Right to refuse gay weddings protects against other discrimination, inquiry told

Jan 25, 2017 by

by Paul Karp, Guardian:

The government’s marriage equality bill specifies that ministers of religion would be able to refuse same-sex weddings because otherwise it risks creating a right to refuse weddings based on disability or race, the attorney general’s department has revealed.

The department warned a Senate inquiry into the government’s same-sex marriage bill exposure draft that removing a provision allowing ministers to refuse gay weddings could create a host of unintended consequences.

The government bill contains a section that allows ministers of religion to refuse to solemnise a marriage that is not a union between a man and a woman.

In their submissions various LGBTI rights groups and the Law Council of Australia questioned why this provision singled out ministers’ ability to refuse a same-sex wedding.

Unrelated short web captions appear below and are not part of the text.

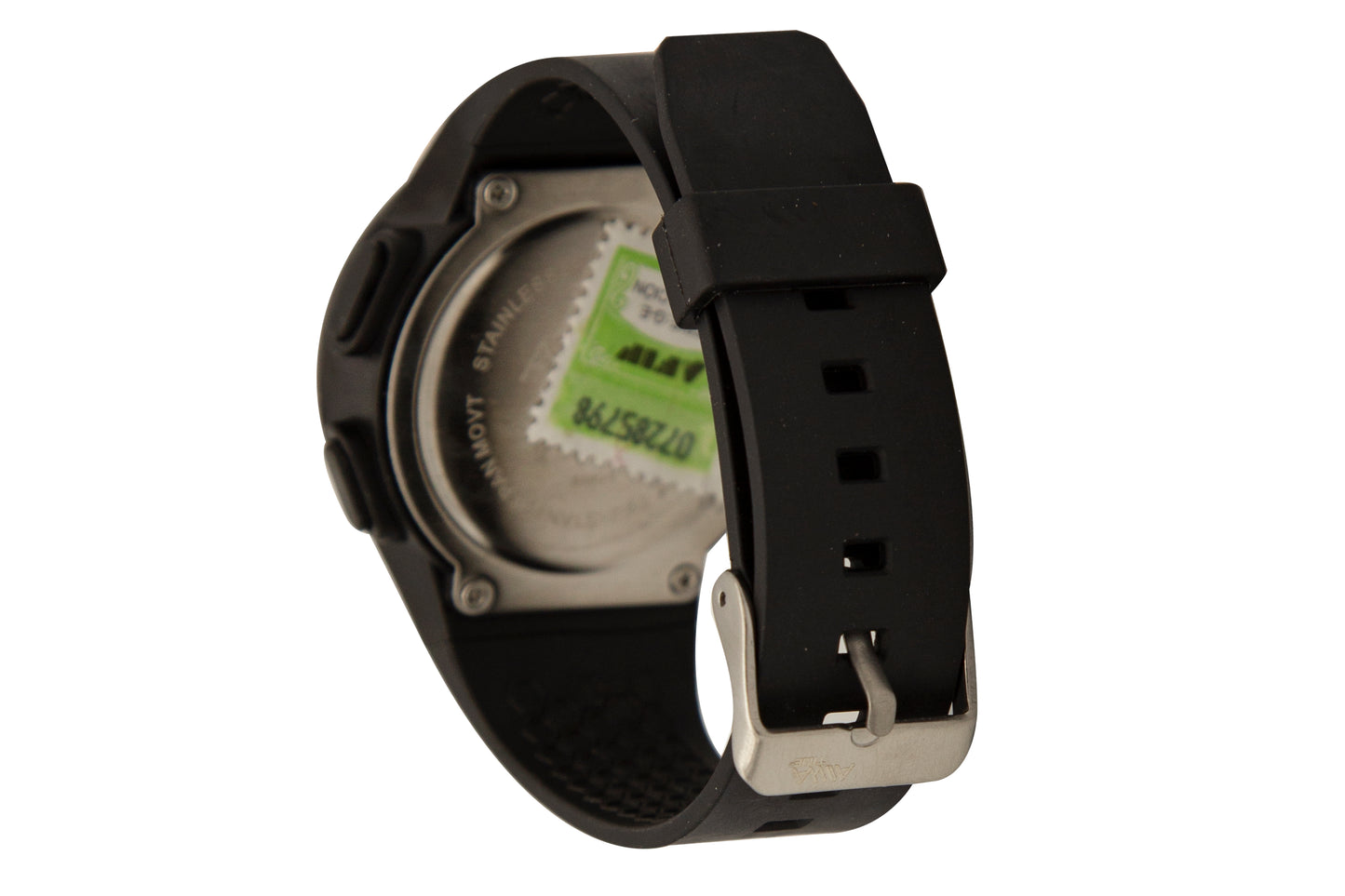 art. 10305 059NG - AIWA Time- Reloj Digital Crono Alarma, Caballero, AIWA Time, Sumergible 5 ATM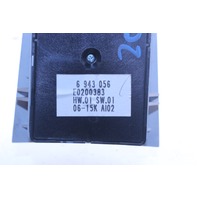 2006 BMW 750Li E66 Power Window Switch Front Left Driver Master - 61316943056 OEM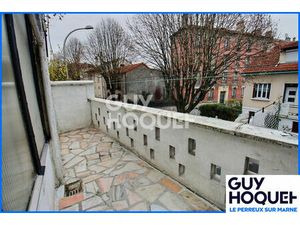 Appartement Le Perreux Sur Marne 1 pièce 24.34 m2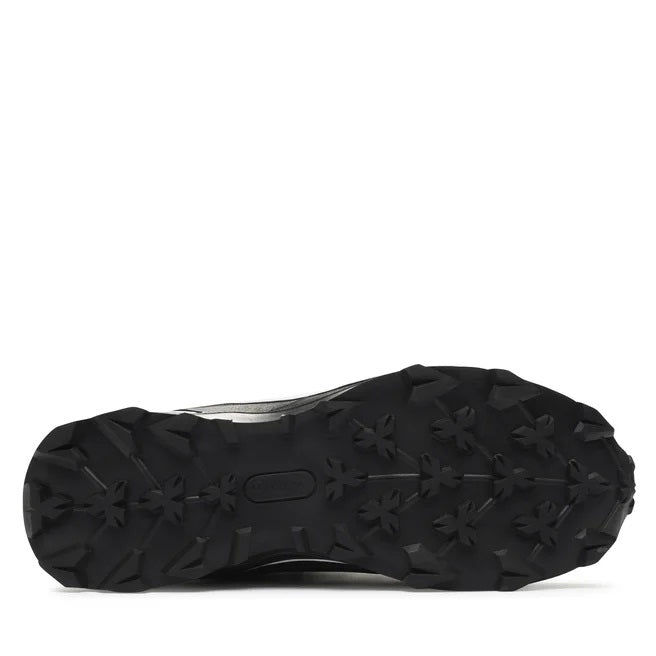 Mid Cut Shoe Mican Black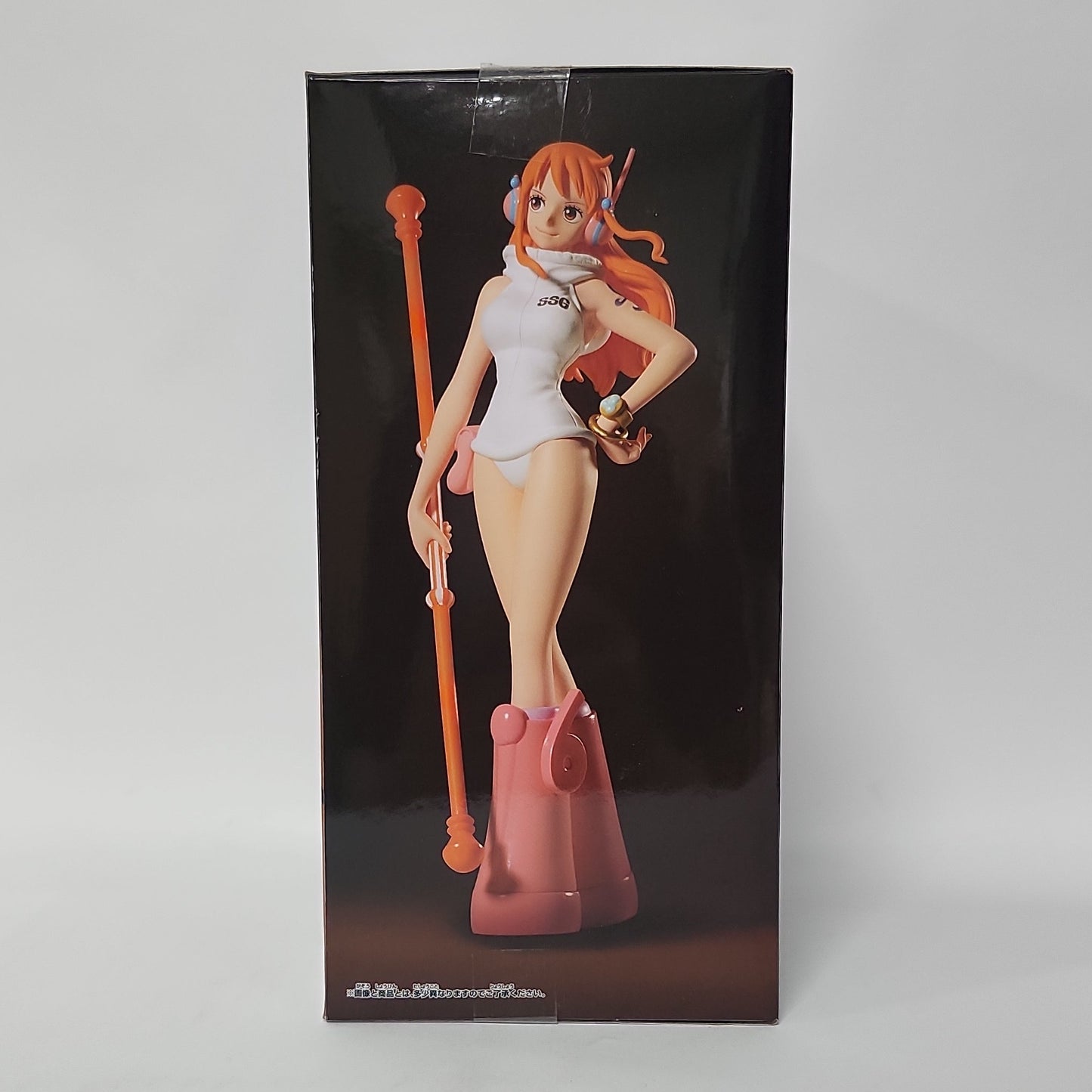 One Piece – Nami The Shukko (Departure) Egghead Ver. Figure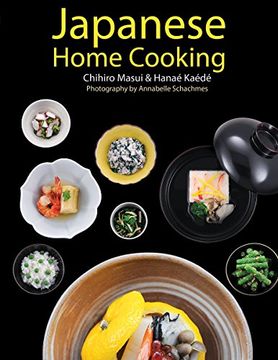 portada Japanese Home Cooking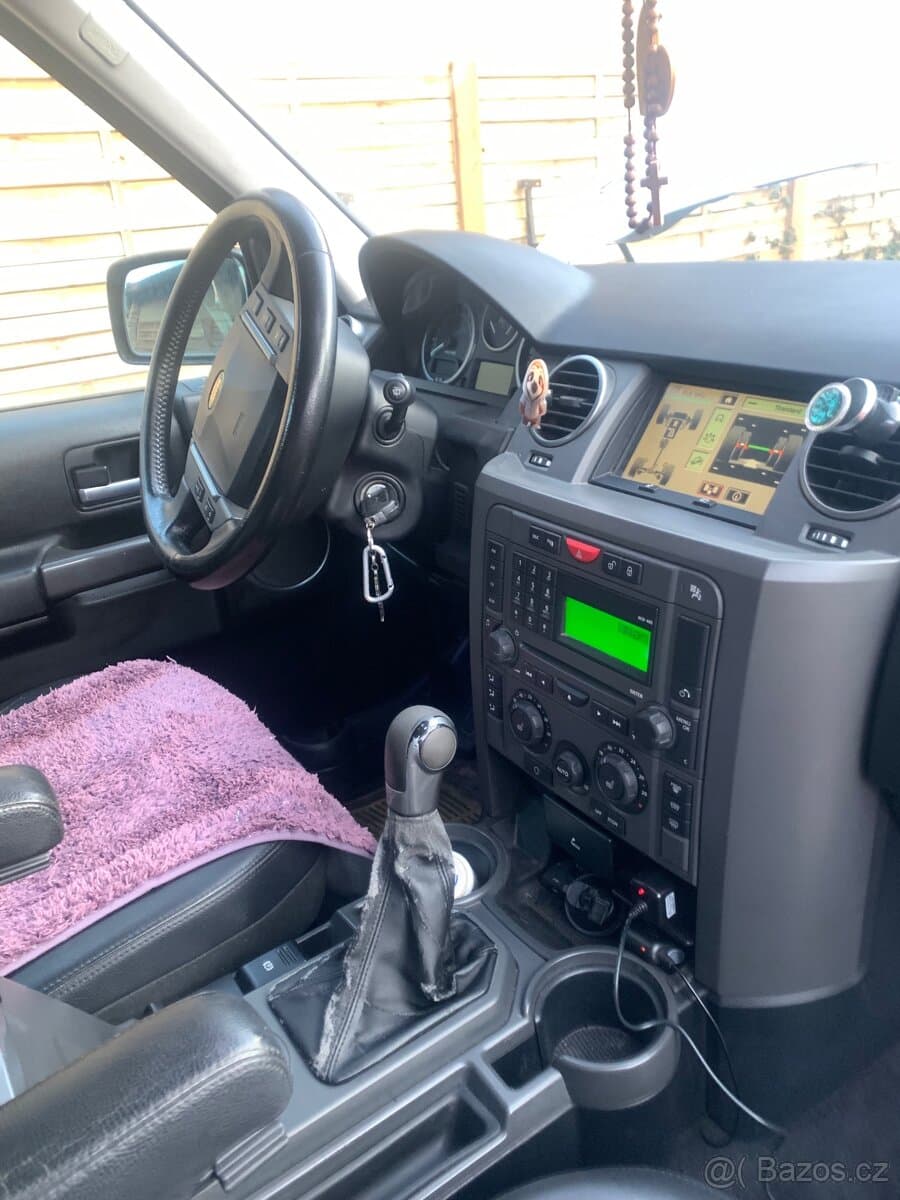 2004 Land Rover DISCOVERY - 10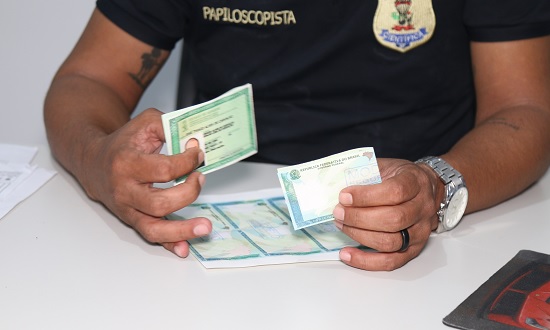 Atendimento para carteiras de identidade suspenso nos dias 14 e 15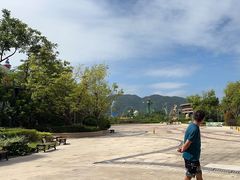 -喷泉广场餐厅·宵夜·海鲜烧烤大排档(长隆企鹅酒店)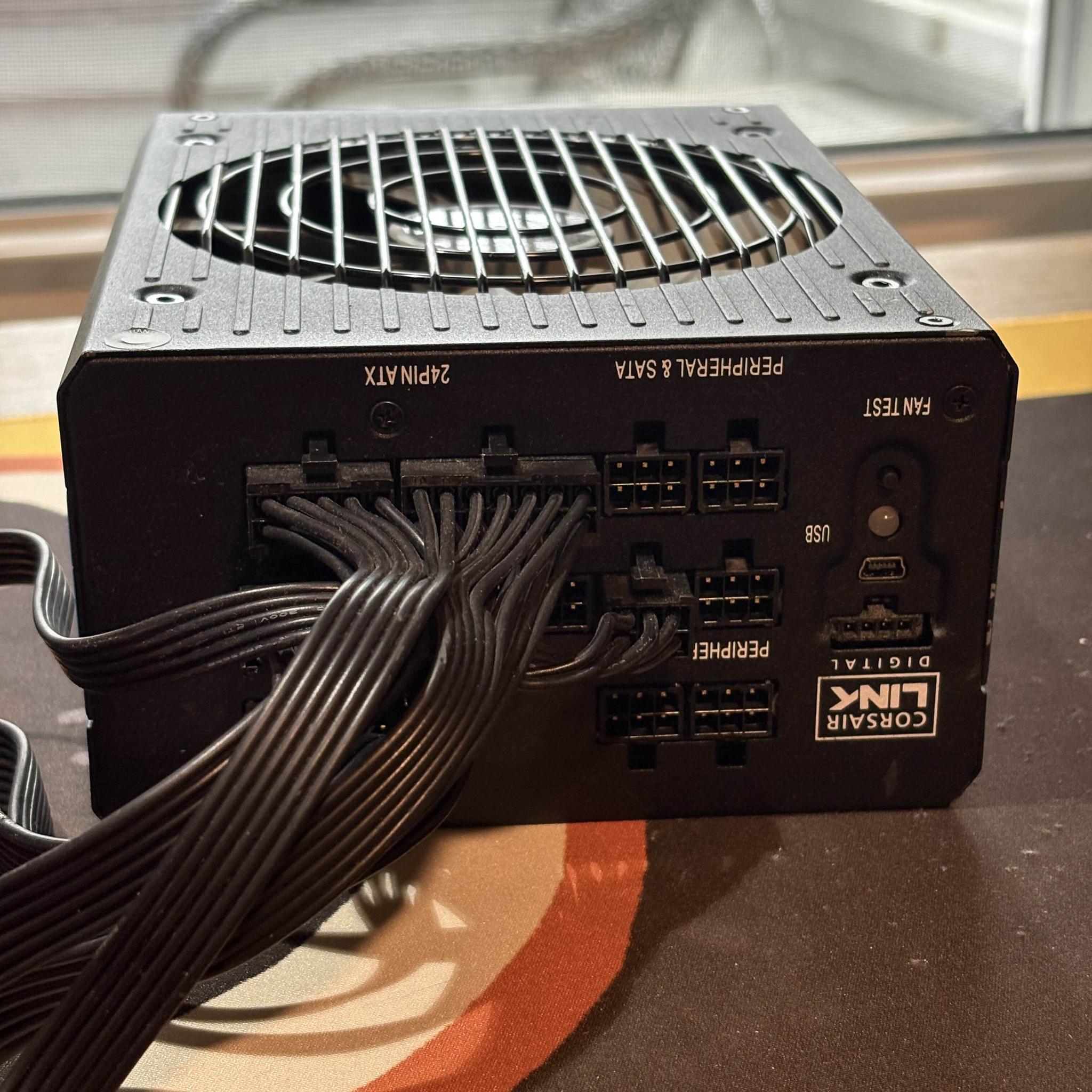 Corsair HX850i Modular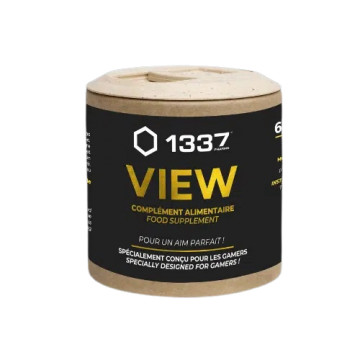 BIO RECHERCHE - 1337 - VIEW - 60 capsules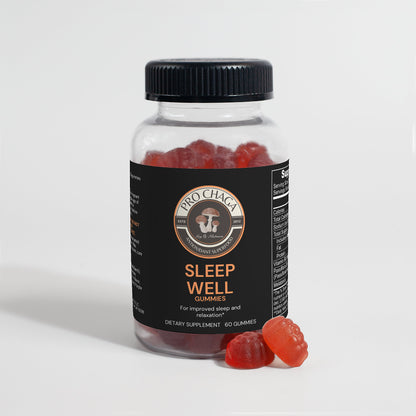 Sleep Well Gummies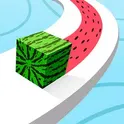 Colour Adventure: Draw a Path логотип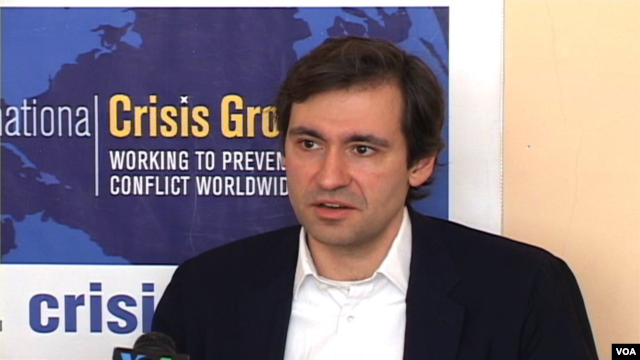 Marko Prelec, ICG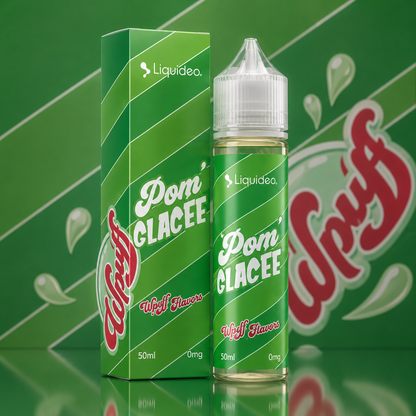Pom Glacée 50ml - Liquideo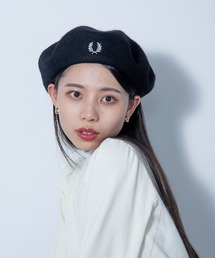 FRED PERRY | 【FRED PERRY】BERET HW7646 (ハンチング/ベレー帽)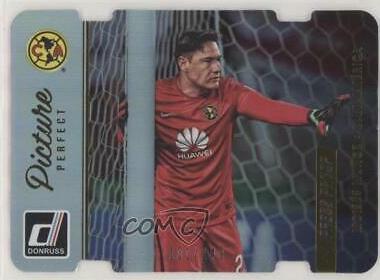 Moises Munoz [Press Proof Die Cut] #43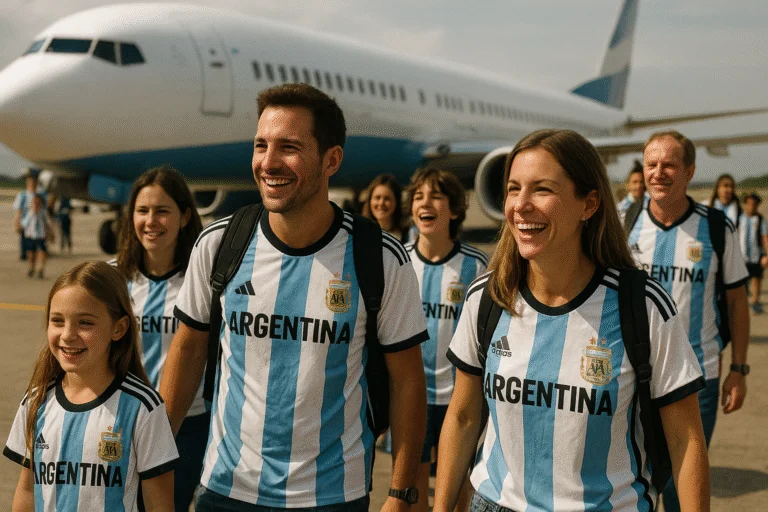 Argentina “invade” o Brasil? Entenda o recorde de turistas e suas razões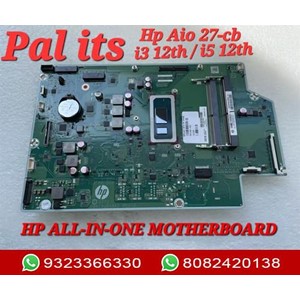 HP AIO 27-CB DAN18MB48A0 LAPTOP MOTHERBOARD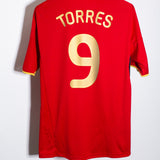 Spain 2009 Torres Home Kit (L)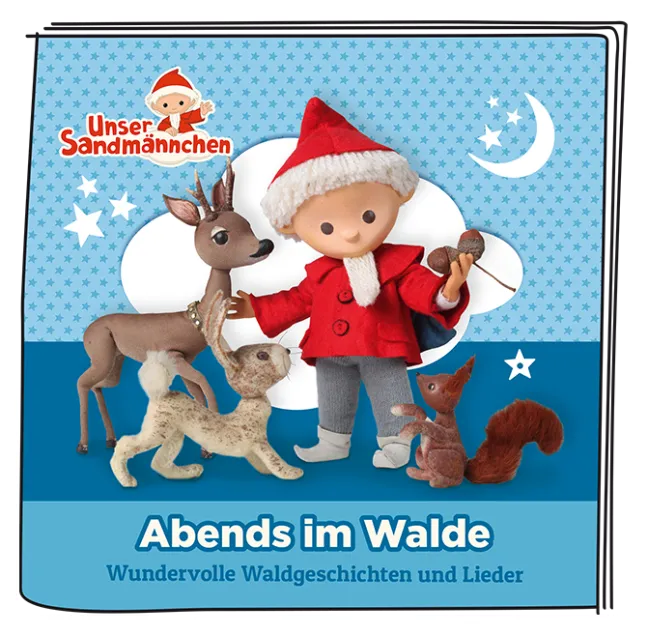 Tonie Unser Sandmännchen - Abends im Walde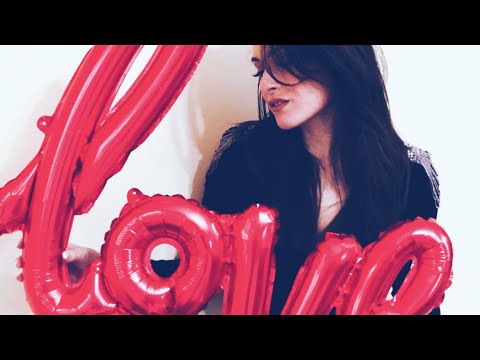 ASMR Happy Valentine's Day Kisses For You | Kiss sounds asmr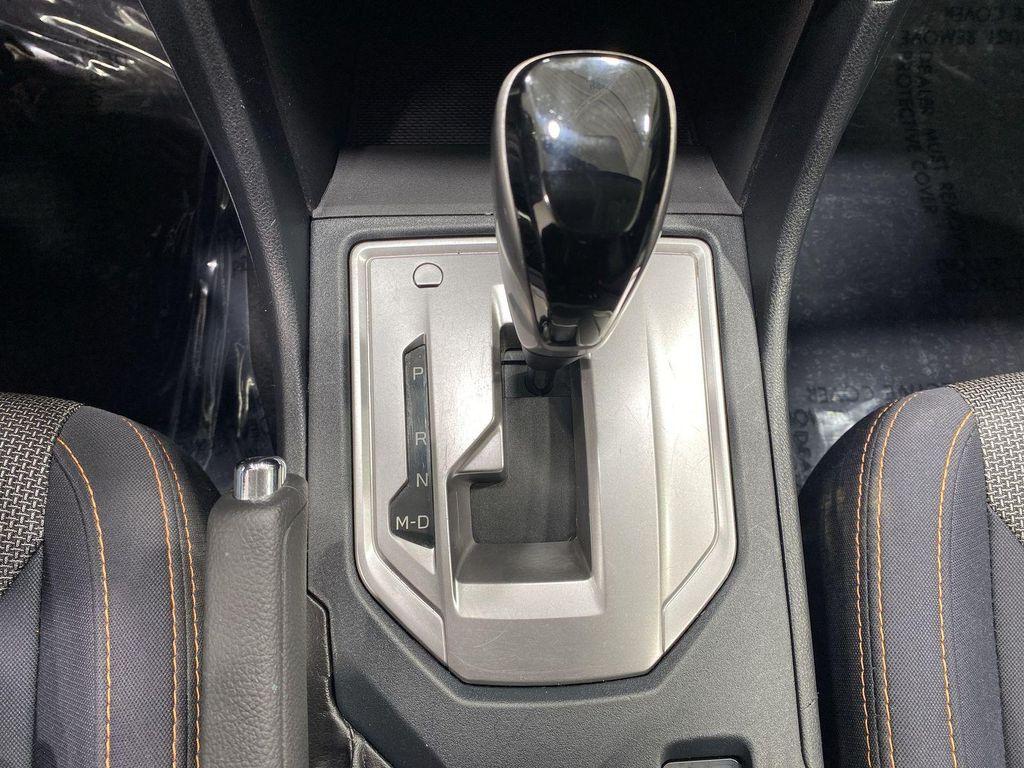 used 2018 Subaru Crosstrek car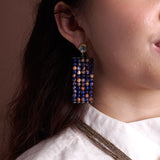 Sodalite Columns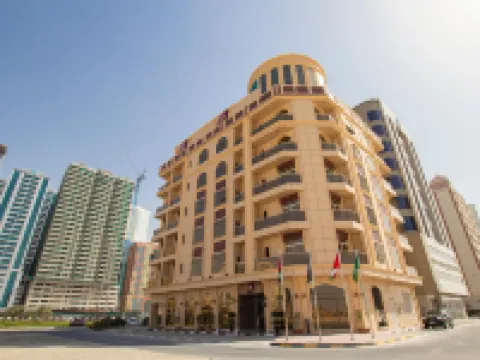 阿爾汗時代快車酒店 鄰近沙迦海事博物館的酒店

The attorney general’s department’s assistant secretary of the civil law group, Andrew Walter, explained that the purpose of the provision was “to confine what would otherwise be a broader exemption than currently exists in anti-discrimination law”.

Under the current law, ministers are allowed to refuse weddings but are still governed by discrimination law that means they cannot do so on certain grounds.

Walter explained that exemptions for religious practices exist in the Sex Discrimination Act but not in the disability or racial discrimination acts.